A protest convoy that set out from Chihuahua yesterday bound for Mexico City soon hit a stumbling block in Durango, but state Governor Javier Corral says that protesters will continue and not succumb to provocation.
Corral said last week that the procession to Mexico City was intended in part to pressure authorities to hasten the extradition of former Chihuahua governor César Duarte, who is accused of corruption and believed to be in hiding in the United States.
The “For Dignity and United with Courage Against Corruption” convoy left Chihuahua yesterday morning and passed through several municipalities in the northern border state without incident.
But when it was just two kilometers away from the city of Gómez Palacio, Durango, early yesterday afternoon, its vehicles were blocked by almost 100 people.
The group used large pieces of wood and other objects, as well as their own physical presence, to prevent the convoy from passing.
The counter-protesters, Corral claimed, were put up to the task by the Gómez Palacio mayor, an elected representative of the same party that Duarte governed for and also the party of current President Enrique Peña Nieto.
“The same PRI [Institutional Revolutionary Party] strategy as always: the mayor of Gómez Palacio, Durango, Leticia Herrera sent protesters to block the #CaravanaPorLaDignidad [Dignity Convoy] at the entrance to the city . . .” the governor wrote on Twitter.
Corral has recently clashed with federal authorities over what he claims is deliberate inaction on the Duarte case.
In announcing the protest convoy last week, Corral charged that federal officials are protecting the former governor although the federal Attorney General’s office (PGR) also said last week that it was preparing requests for Duarte’s provisional arrest and extradition.
Earlier this month, the National Action Party (PAN) governor also accused the federal government of withholding funds promised to the state in retaliation for an investigation into corruption allegedly committed by members of the PRI during Duarte’s administration.
Corral has made the fight against corruption and impunity central to his governorship, and more than two dozen people have already been arrested in relation to corruption allegations.
Billboards demanding that the federal government immediately extradite Duarte were even erected in the state.

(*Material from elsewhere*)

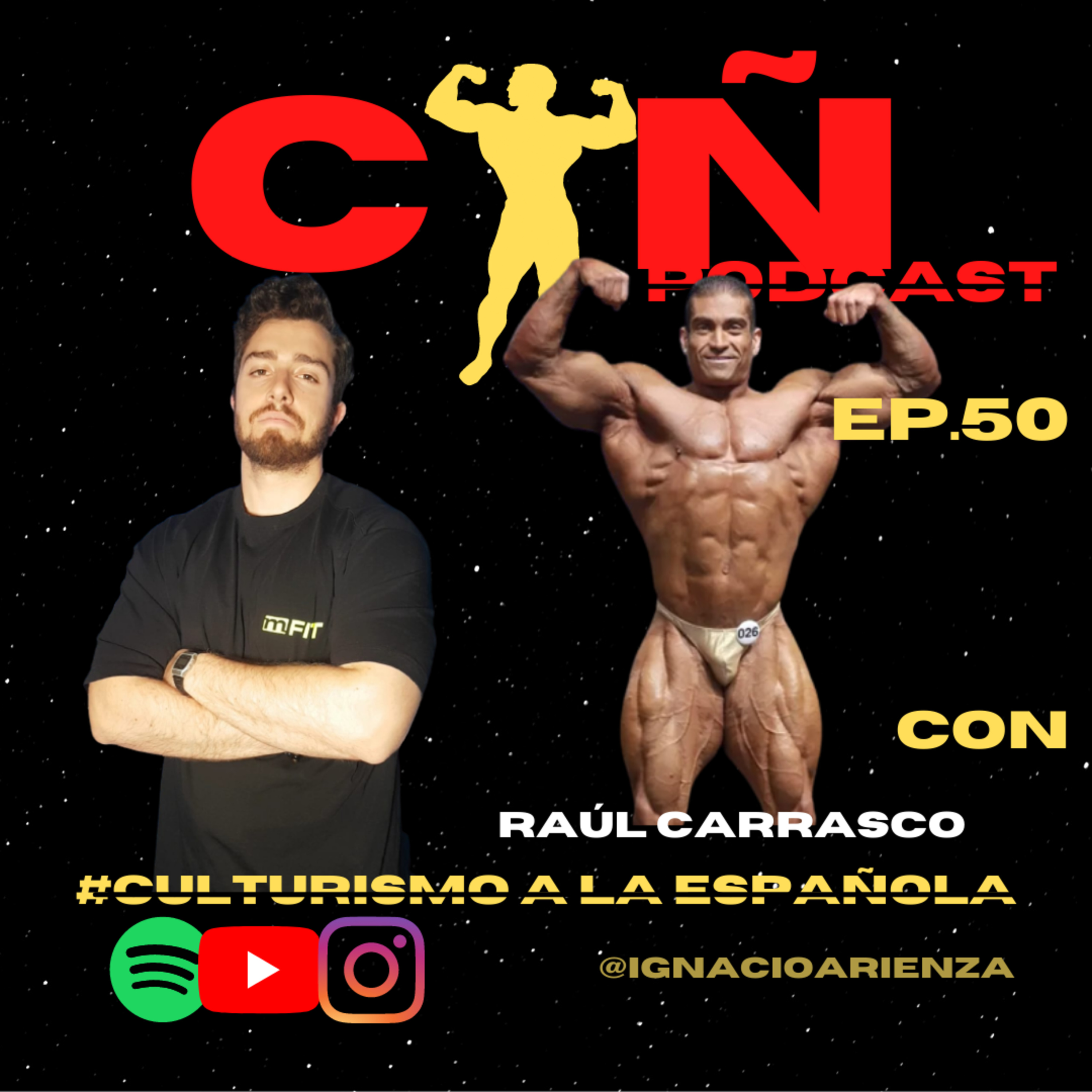 Culturismo a la Española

But earlier this week, a federal court judge issued a provisional order that the Chihuahua government must take down the billboards, stating that the signs violated the ex-governor’s right to the presumption of innocence and his dignity.
“. . . Billboards where the name and image of the accused are included, associating him with an extradition request . . . could represent an extrajudicial way to informally condemn a person or to issue a judgement to society that contributes to the formation of public opinion,” the judge said.
He added they were a “clear contravention of [rights] that have been established by the Inter-American Commission of Human Rights and . . . the Supreme Court.”
The legal action leading to the ruling was initiated by Duarte’s lawyers. They directly accused Corral of ordering the state’s social communication authorities to erect the billboards. A permanent ruling on the signs’ legality could come next week.
Corral said last week that when the convoy reaches Mexico City, the protest will conclude with meetings at the Finance and Interior Secretariats and the PGR.
Referring to the allocation of some federal funds and revenues, Corral claimed that he is the “most punished governor,” arguing that money can be taken away according to the mood of the president or finance secretary and the quality of his relationship with them.